Friday, February 09, 2018

The ethics of self-driving cars (revisited again)

Pursuing the ongoing debate over the hoary problem of how to program autonomous cars ethically, a group of Italian researchers have proposed a possible practical solution to the conundrum that most drivers believe that self-driving cars should take a utilitarian approach (i.e. they should seek to maximize the common good, even if that means sacrificing the lives of the car's passengers) while, at the same time, a sizeable majority also say that they would not want to drive in an autonomous car if it was set to kill the passengers rather than a group of pedestrians.
This solution involves an "ethical knob", which the driver/owner of the car would set themselves.
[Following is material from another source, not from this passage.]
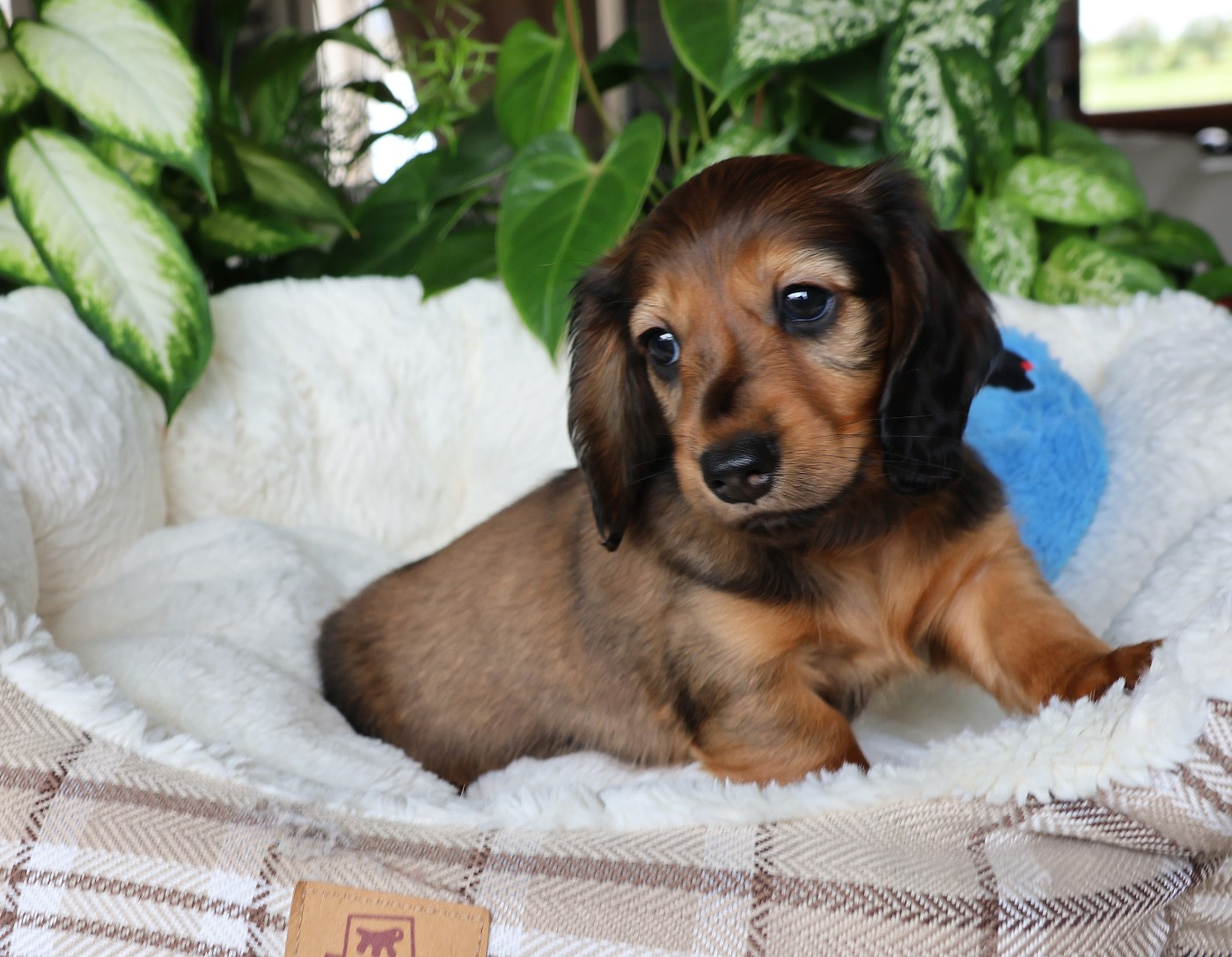 du Royaume de la Petite étoile - Chiots disponibles - Teckel poil long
This know woukd have three possible settings:

  1. Extreme altruism (the car would always choose the lives of pedestrians and others over the lives of the car's occupants).
  2. Utilitarian (the car would make logicsl decisions based on maximizing the good of everyone involved).
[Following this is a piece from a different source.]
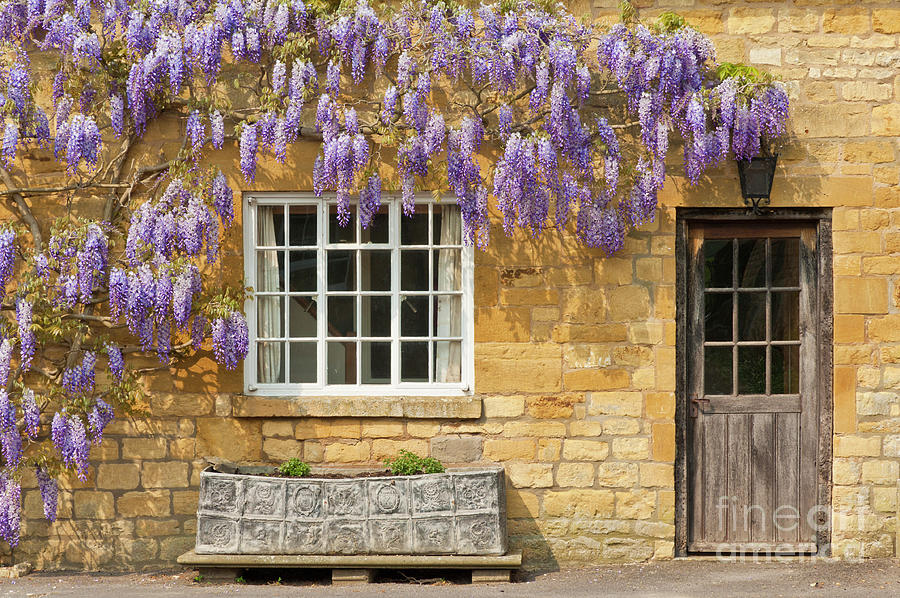 Wisteria on a Cotswolds stone cottage, Broadway, England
  3. Extreme egotism (the car would protect its passengers at all costs).

The researchers suggest that driver-owners should be deterred from the egotistical option by means of insurance premiums, with those who choose altristic driving paying a much lower premium than those who opt for egotism.
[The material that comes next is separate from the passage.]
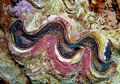 Close up study of Giant Clam taken in Southern Red Sea September 2005 with Sony DSC-T1 + YS-25 auto strobe.
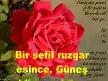 gülüm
This is certainly an interesting idea, and it takes the ethical onus off car manufacturers, placing it squarely on the shoulders of the human "driver", which is effectively what happens in the real world at the moment. However, I am not sure how well it would work in practice, and I worry about the ramifications of having a one-time decision take away the flexibility of reacting to a specific situation.
It would certainly bring home to drivers/owners the fact that operating a potentially lethal mechine like a car does come with ethical considerations. And it also explicitly addresses the issue of insurance on autonomous cars, something I have rarely seen examined.